SA Hockey is broken

RANDBURG, SOUTH AFRICA - JANUARY 31, Sanani Mangisa of South Africa during the Investec Series Womens International Hockey match between South Africa and Ireland from Randburg Hockey Stadium on January 31, 2012 in Randburg, South Africa Photo by Duif Du Toit / Gallo Images
RANDBURG, SOUTH AFRICA – JANUARY 31, Sanani Mangisa of South Africa during the Investec Series Womens International Hockey match between South Africa and Ireland from Randburg Hockey Stadium on January 31, 2012 in Randburg, South Africa
Photo by Duif Du Toit / Gallo Images

News broke last week that the SASCOC have officially decided to reject the invitation for the South African Hockey sides to the Rio Olympics in 2016. Fans have been devastated, players dejected and if there were any sponsors left they would be desolate too. I have only ever given a positive voice to hockey in South Africa and that means that I have often avoided pointing fingers at those at fault and pandered to keeping good relationships. However many of you read the blog for fair and honest opinion and I felt its time that we look at what is wrong in SA Hockey. Here are a few of the things that are broken in South African Hockey.

SASCOC

It is frankly appalling that the largest hockey sports spectacle (Yes I believe it overshadows the FIH World Cup) will be lacking any African representation. The qualification criteria set by SASCOC were, quite frankly, unattainable for South African hockey. The reason I say this is that with the lack of money, the lack of structure and the lack of support meant that World League targets were unlikely to be met. The fact that we were prepared to not send the teams means that they should have withdrawn the African champions from the African Qualifier. It is insulting to me as an African and to many others too that SASCOC have singlehandedly decided that Africa is not good enough. They have robbed the kids of today of inspiration and motivation. The South African Olympic Committee have benefitted anyone other than South Africa. Tubby Reddy will still be in Rio, probably via business class, so don’t worry SA we will still have representation. SASCOC may be getting my irritation here, but they are not alone in breaking SA Hockey.

Fikile Mbalula

The national sports minister behaved in a manner akin to nursery school, in blocking national Hockey goalkeeper Sanani Mangisa who asked him a pretty simple question… The question related to why the National Sports Minister could not be bothered to show up at the African Qualifiers for the SA Hockey sides, played over a two-week period in October. His petulant behaviour is something he wouldn’t do to Bryan Habana, Itumeleng Khune or AB de Villiers further illustrating how little he cares about South African Hockey.

SA Hockey Association

SA Hockey may have canvassed support by drumming up the public into a fight against SASCOC, however the obvious statement must still be made. You signed the document. I am a man in business first and I know that when you sign a legal document it is binding. But surely more realistic questions have to be asked. Why have we not found a sponsor? Why do we play so few games? Why have we lost the abilities to use players like Justin Reid-Ross? Why did our team stay in different houses at World League Round 2 and not in a hotel together? How is Craig Fulton leading Ireland to the Olympic Games for the first time in a century and not part of the South African coaching structure? Why are we not trying to learn from Simon with PSI? There has been an interesting move to get Frontiers Sports and Kelvin Watt involved, but surely there are far more questions than answers.
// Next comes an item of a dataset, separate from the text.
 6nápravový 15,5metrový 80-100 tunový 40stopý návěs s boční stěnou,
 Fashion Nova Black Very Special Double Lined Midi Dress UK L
SA's Shelley Russell scythes through during the second Test against Belgium at Hartleyvale Saturday. The match ended 3-3. Photo credit MAX BOSANQUET
SA’s Shelley Russell scythes through during the second Test against Belgium at Hartleyvale Saturday. The match ended 3-3. Photo credit MAX BOSANQUET

Hockey Brands

Earlier this year I reached out to various hockey brands to do a promotion or giveaway for an extremely popular sport. The only positive feedback I got was from Peter Wright at Malik and then through Shelley Russell (Grays) and Marcelle Keet (Malik). Every other brand pretty much ignored me. It appears more than ever that each brand is having a go at making some money out of a beleagured sport and not wanting to welcome in some outsiders. Heck if it doesn’t interest you, just say so.  Hockey is a second-rate sport in South Africa and so many of our brands are run in that same way.

Hockey People

There is almost a sense of entitlement in hockey circles. We believe we are better than other sports and deserving of a golden spoon treatment. It is true that hockey is by some distance our biggest second tier sport. But when the Volleyball funding was cut or the Womens Rugby team were dropped from Rio, many hockey enthusiasts didn’t bat an eyelid to the fact. The second tier sports should be working together to make a difference in South African sport, not just in South African Hockey.

Transformation

I have saved what I believe is the most poignant of all for last. South African Hockey is probably the least transformed sport in our beautiful country. In the recent African qualifiers we featured three players of colour in the mens 18 and only four in the ladies squad. We do not put effort and time into talent identification and nurturing, but rather into flogging what we have. The amount of African black players that have been selected in the 21 years of hockey post 1994 can almost be counted on one hand. If you tell me that we aren’t producing any I just need to point to what Lungile Tsolekile is doing with Langa Hockey Club and what Nathi Ngubane is doing with INK Hockey Club. But they need support in chasing this dream, support they are currently not receiving.

Fieldhockey.frThis article is written from the heart. It is not meant to point a finger at someone else but rather point a finger back at ourselves. I have always had a deep passion for hockey and in particular South African hockey and have done much to highlight the battles and the challenges that they face. I want to see the omission of the team from the 2016 Olympic Games be something that inspires growth, that empowers change and that ultimately puts South Africa where we belong at the top end of the worlds game. In future lets leave decisions about our participation out of Tubby and co’s hands.